The provisions of the bill include:

  • banning strikes in most public services unless first, at least 50% of those participating in the proposed action vote in the ballot, and second, at least 40% of those affected also support the action;
  • allowing employers to hire strike-breaking agency staff;
  • requiring ballots to be re-run every four months, and setting a minimum two weeks’ notice for any industrial action;
  • criminalising unlawful or ‘intimidatory’ picketing rather than treating it as a civil offence, and requiring a union official to oversee such pickets and ensure that they abide by the law, for instance, that no more than six strikers are present;
  • limiting the amount of time that lay officials can spend on union business in government departments;
  • giving the government trade union certification officer powers to fine unions up to £20,000 for breaches of reporting rules which will include an annual audit of its protests and pickets.

In addition, the Trade Union Bill requires unions to contact each union member directly to ask if they want to pay into the political levy, and to repeat the question every five years. This is a major source of funding for the Labour Party: under the current opt-out arrange­ments about £25m a year is raised from 4.5 million union members, with much of this money going to the Labour Party. These provisions apply to unaffiliated unions such as the RMT. A requirement to opt in to the political levy is likely to dramatically reduce the number of members paying it.

The four anti-trade union laws of the Thatcher era had two consequences: first, they forced union leaderships to tighten control over the membership to stifle local initiatives which might result in legal action and the possibility of fines and sequestration of union funds. The second followed from the first: days lost through strike action fell to historical lows and have remained there despite the last five years of austerity and job losses. Alongside this, unions lost millions of members, especially manual and poorly-paid workers in the private sector, to the point where they now organise principally among older, better-off professional and managerial workers with relatively secure jobs in the public sector. Now, only one in seven workers in the private sector is a union member. The Trade Union Membership 2014 Statistical Bulletin tells us that:

  • 54.3% of public sector workers are union members (down from 61.3% in 1995) compared to 14.2% in the private sector;
  • 37.6% of union members are over 50 years old compared to 27.5% of all employees. In 1995, 22.5% of union members were over 50;
  • 22% of union members are less than 34 years old compared to 37.8% of all employees. The figures for those under 24 years old are 4.5% and 13.9% respectively;
  • 52% of union members have ten or more years’ service compared to 25% of non-union members and 31% of all employees;
  • 53.8% of union members have a degree or higher education qualification compared to 38.6% of non-union members and 42.1% of all employees.

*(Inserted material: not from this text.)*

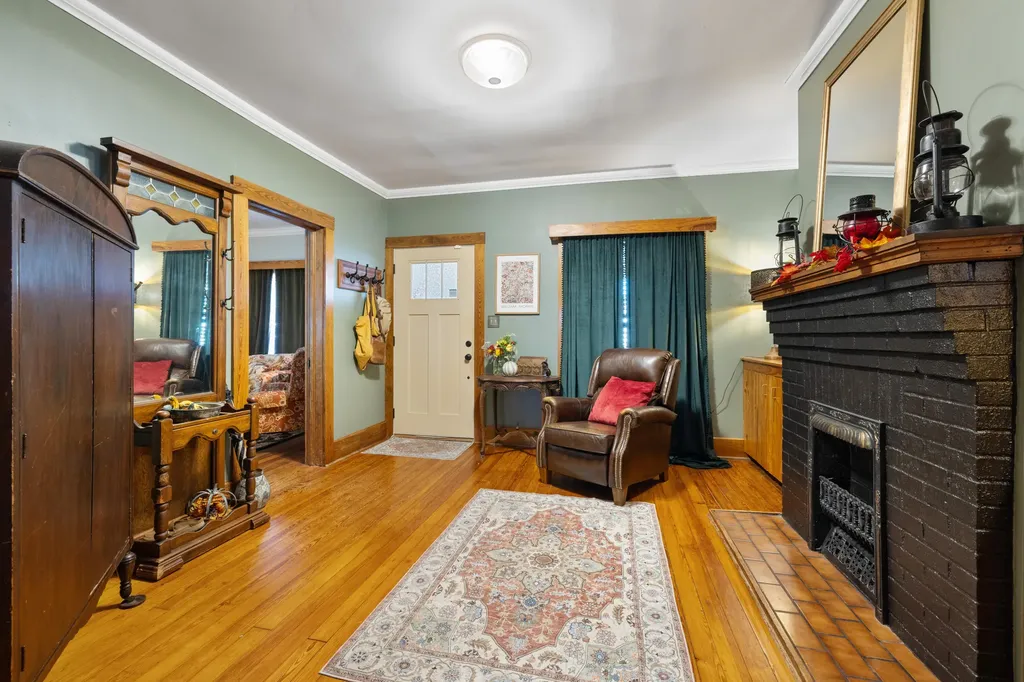 507 S 6th Street Murray KY 42071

These figures are reflected in average pay: 53% of union members earn more than £500 per week compared to 40% of all employees. Taken together with the fact that local white-collar trade union branches tend to be run by lower and middle management there has been pressure for trade unions not to confront austerity but to negotiate voluntary redundancy schemes especially in local government. However, with the government seeking cuts of 40% in government spending apart from the NHS, school education, the armed forces and overseas aid, the next five years will see council services and jobs reduced to a shell. Already councils have lost £18bn or 19% of their budgets since 2010; services have been cut to the bone and hundreds of thousands of jobs lost.

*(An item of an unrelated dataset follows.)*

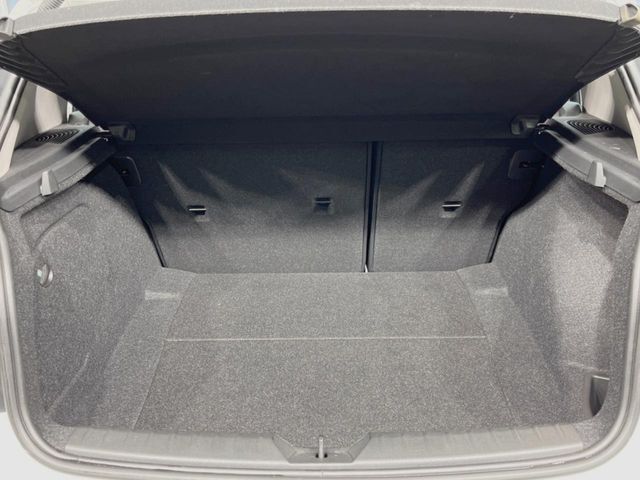 ●トランクルーム：趣味が広がる収容スペース！これだけの広さがあればお買い物やレジャーなどにも最適です！使用感も少なくきれいな状態を維持しております。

Fighting austerity requires trade unions to confront anti-trade union legislation with all the legal consequences. The government knows this, and is preparing the ground in case local trade union organisations break from the control of their leaderships. Trade union leaders will huff and puff and threaten to defy the law just as they have done with each preceding anti-trade union law while failing to actually do anything. What matters is what action members will be forced to take when the next round of cuts bites.

The things trade union leaders say

‘The trade unions will unite to fight these attacks.’ Mick Cash, RMT general secretary, May 2015, on the proposed anti-trade union law.

‘Regrettably in this case we have been advised that, as the law stands, we would be unable to defend this case.’ Mick Cash, 8 July 2015, reflecting on Manchester rail workers being threatened with legal action if they went on strike.